The more common use however will be in tests. These factories automatically get converted into pytest fixture functions using pytest-factoryboy. Let’s see how we would use this in test_awesomedb.py.

@pytest.mark.parametrize('database', [database], indirect=True)
class TestStupdendous(object):

    def test_new_user(self, user_factory):
        ''' test that we add a new user '''
        user_factory.create(first='New Bob')
        user = stupendous.User.get(stupendous.User.first=='New Bob')
        assert user.first == 'New Bob'

Notice the lowercase-underscore syntax. This is the fixture name of the UserFactory. The above examples were written using the peeweee implementation. For real examples, see the sdss5db tests in tests/pwdbs/test_sdss5db.py and associated factories in test/pwdbs/factories.py. The sqlalchemy version of defining a factory is very similar.

import factory
from sdssdb.tests.sqladbs import get_model_from_database
from sdssdb.sqlalchemy.awesomedb import database as awesomedb
stupendous = get_model_from_database(awesomedb, 'stupendous')

if stupendous:
    class UserFactory(factory.alchemy.SQLAlchemyModelFactory):
        ''' factory for stupendous user table '''
        class Meta:
            model = stupendous.User
            sqlalchemy_session = aweseomdb.Session   # the SQLAlchemy session object

        # column definitions as before
        pk = factory.Sequence(lambda n: n)
        ...

Because sqlalchemy models cannot be imported when no database exists locally, we must use get_model_from_database to conditionally import the models we need, and place the factory class inside a conditional. Additionally, the factory Meta class needs the sqlalchemy Session rather the database itself. All other behaviours and defintions are the same. For examples of sqlalchemy factories and their uses, see tests/sqladbs/factories.py and the mangadb tests in tests/sqladbs/test_mangadb.py.

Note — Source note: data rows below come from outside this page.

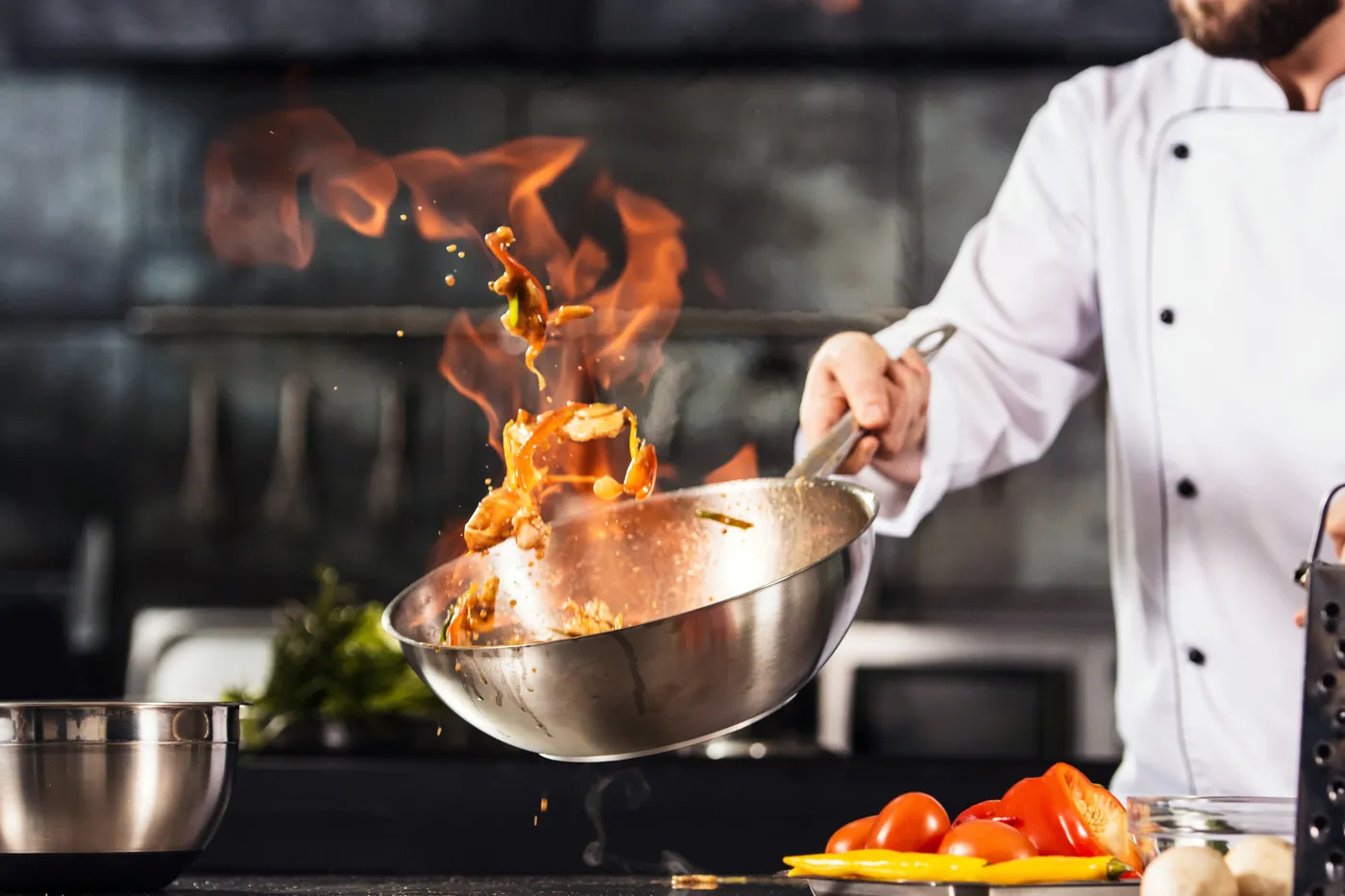 Reinhardt koch - Kochkurse und Gastronomie-Service - Die Hände eines Kochs halten den Wok über dem Feuer. Nahaufnahme: Die Hände eines Kochs bereiten Speisen über dem Feuer zu.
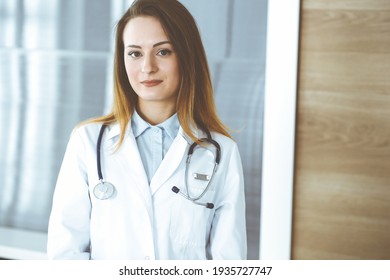 Doctor Woman Headshot While Standing In Hospital Office. Physician At Workplace, Portrait Photo. Medicine And Health Care Concept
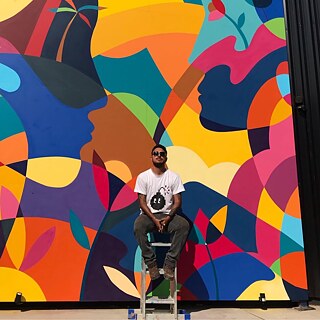 De Leon Peres (Jotape Pax) está sentado em um banco alto em frente a um grande mural colorido com formas abstratas e perfis de rostos. De Leon Peres usa camiseta clara, óculos escuros e calça escura, mantendo as mãos apoiadas entre as pernas. O fundo é dominado por cores vibrantes como amarelo, azul, laranja e rosa, criando um contraste forte com a figura central.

Using a Generic Test Database

Sometimes you may want to test a function common to many databases, or a generic database connection, or simply not want to mess with real databases. In these cases, a temporary test postgres database is available to use. By default, when no real database is passed into the database fixture function, the test database is generated. For example, the peewee test example case from earlier would now be the following, with the pytest parametrization line removed.

class TestStupdendous(object):

    def test_user_count(self):
        ''' test that count of user table returns results '''
        user_ct = stupendous.User.select().count()
        assert user_ct > 0

This test would now use the temporary database, which is setup and destroyed for each test module. Because the test database is created as a blank slate, all database models must be created as well, in addition to any model factories. These models can be stored in the models.py file under the respective library directories. See any of the models.py files for examples of creating test database models, and factories.py for their associated factories. See any of the tests defined in test_factory.py for examples of how to write tests against temporary database models defined in models.py.

Should I use Peewee or SQLAlchemy?

Use the one that you prefer! Both Peewee and SQLAlchemy have their pros and cons and their own funclubs. Ideally you’ll want to provide at least basic support for both library (and, indeed, it’s not difficult if you follow the instructions above) to reach a wider audience. But if you only provide support for one library choose the one that you are more familiar with or the one that feels right.